News/Changes
2009-12-23
Update on the development progress
There has been quite some interesting development progress lately which I want to share. Beside that there was again some stupid IMDb data I corrected. First to the enhancements and new features:
- The SQL statement tab in the search windows has been enhanced a little bit but it's still not complete. Currently I have a strange problem with the separator line between the SQL command entry field and the field displaying error messages. It shouldn't be hard to fix but I don't see the problem...currently the position of the separator line can't be changed from the code (save/restore).
-
After having a PostgreSQL training last week I've played around with the
FULL TEXT indexing and search feature that PostgreSQL supports since version
8.3. The speed improvement searching for words searches (default JMDB behaviour) will
be much faster using the text index and language specific search option.
What does it mean in numbers you might ask...well here we go:- Actor (name) search: 2800-times faster (5.6 sec down to 2.5 msec)
- Movie (title) search: 1000-times faster (15.0 sec down to 15.3 msec)

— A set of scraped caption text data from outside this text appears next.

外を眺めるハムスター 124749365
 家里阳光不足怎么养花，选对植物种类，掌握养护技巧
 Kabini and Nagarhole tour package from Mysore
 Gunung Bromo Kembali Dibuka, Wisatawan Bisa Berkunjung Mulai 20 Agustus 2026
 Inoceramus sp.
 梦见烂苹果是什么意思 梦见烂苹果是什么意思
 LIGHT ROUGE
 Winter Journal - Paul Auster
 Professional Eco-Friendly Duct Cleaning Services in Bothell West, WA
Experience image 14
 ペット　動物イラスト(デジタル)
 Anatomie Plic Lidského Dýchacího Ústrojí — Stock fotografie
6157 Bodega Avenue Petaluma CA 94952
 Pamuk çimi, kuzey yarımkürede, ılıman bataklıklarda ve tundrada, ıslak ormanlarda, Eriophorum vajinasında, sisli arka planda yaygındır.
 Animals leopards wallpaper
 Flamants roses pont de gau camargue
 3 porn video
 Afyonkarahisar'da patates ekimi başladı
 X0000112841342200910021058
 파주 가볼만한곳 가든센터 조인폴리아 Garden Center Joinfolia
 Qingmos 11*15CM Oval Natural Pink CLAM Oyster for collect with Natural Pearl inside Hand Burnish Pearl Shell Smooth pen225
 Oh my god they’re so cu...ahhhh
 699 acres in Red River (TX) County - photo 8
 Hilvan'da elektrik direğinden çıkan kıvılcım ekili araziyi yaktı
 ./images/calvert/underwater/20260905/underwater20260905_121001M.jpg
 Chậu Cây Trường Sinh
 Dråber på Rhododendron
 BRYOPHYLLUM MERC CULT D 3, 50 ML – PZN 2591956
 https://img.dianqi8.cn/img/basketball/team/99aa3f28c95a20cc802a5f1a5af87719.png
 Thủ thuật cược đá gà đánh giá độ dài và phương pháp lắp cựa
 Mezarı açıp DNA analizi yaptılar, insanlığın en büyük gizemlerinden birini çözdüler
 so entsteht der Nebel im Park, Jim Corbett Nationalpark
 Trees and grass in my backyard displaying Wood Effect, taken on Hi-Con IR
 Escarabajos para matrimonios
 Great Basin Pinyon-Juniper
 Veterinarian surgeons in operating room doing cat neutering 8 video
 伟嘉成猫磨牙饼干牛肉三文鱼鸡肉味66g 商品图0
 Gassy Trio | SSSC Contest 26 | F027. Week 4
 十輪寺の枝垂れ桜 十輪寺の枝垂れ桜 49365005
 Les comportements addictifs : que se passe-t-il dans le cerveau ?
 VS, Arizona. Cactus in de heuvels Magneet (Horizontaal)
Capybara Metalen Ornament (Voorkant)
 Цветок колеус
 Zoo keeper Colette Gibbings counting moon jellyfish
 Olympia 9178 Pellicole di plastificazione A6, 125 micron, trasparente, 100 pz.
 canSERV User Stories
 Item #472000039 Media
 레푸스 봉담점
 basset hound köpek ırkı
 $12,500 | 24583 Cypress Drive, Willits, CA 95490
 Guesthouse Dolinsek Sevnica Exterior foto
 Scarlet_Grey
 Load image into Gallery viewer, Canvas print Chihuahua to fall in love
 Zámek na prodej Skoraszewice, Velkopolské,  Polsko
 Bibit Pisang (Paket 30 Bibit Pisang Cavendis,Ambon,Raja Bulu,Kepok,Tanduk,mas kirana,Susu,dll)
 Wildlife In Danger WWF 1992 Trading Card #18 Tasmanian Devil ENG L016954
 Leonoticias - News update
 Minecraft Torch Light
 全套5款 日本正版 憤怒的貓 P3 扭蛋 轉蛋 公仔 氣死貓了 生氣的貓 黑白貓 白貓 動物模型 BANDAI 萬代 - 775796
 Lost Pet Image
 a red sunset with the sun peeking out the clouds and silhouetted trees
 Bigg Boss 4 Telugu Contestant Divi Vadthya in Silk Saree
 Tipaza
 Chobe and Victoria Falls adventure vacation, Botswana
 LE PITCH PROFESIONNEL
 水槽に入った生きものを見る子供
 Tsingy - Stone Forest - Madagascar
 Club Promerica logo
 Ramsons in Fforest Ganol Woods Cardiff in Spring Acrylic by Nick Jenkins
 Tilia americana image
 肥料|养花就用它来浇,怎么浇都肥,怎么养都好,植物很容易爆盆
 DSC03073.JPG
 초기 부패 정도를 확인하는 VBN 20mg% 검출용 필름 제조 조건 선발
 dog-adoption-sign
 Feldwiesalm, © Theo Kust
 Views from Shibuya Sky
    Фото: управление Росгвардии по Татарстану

- Because of the speed improvement above I was also thinking about some 'word completion' feature in the search window. It's the same stuff you see in the URI field of the webbrowser when you type in a known/already used website. As the full text indexes use some kind of ranking to index words this could also be used to show possible words the user enters and which he could select. Because this needs an additional database connection and has to run in an additional search thread this will be done after the connection pooling enhancement is ready to be used (see below).
- I'm currently also going to check the timeframe search as I suspect there is also room for some speedup improvements.
- Finally I began to integrate the H2 database into JMDB which is working beside some minor things that need to be addressed. This will be completed and accessible together with the connection pooling core.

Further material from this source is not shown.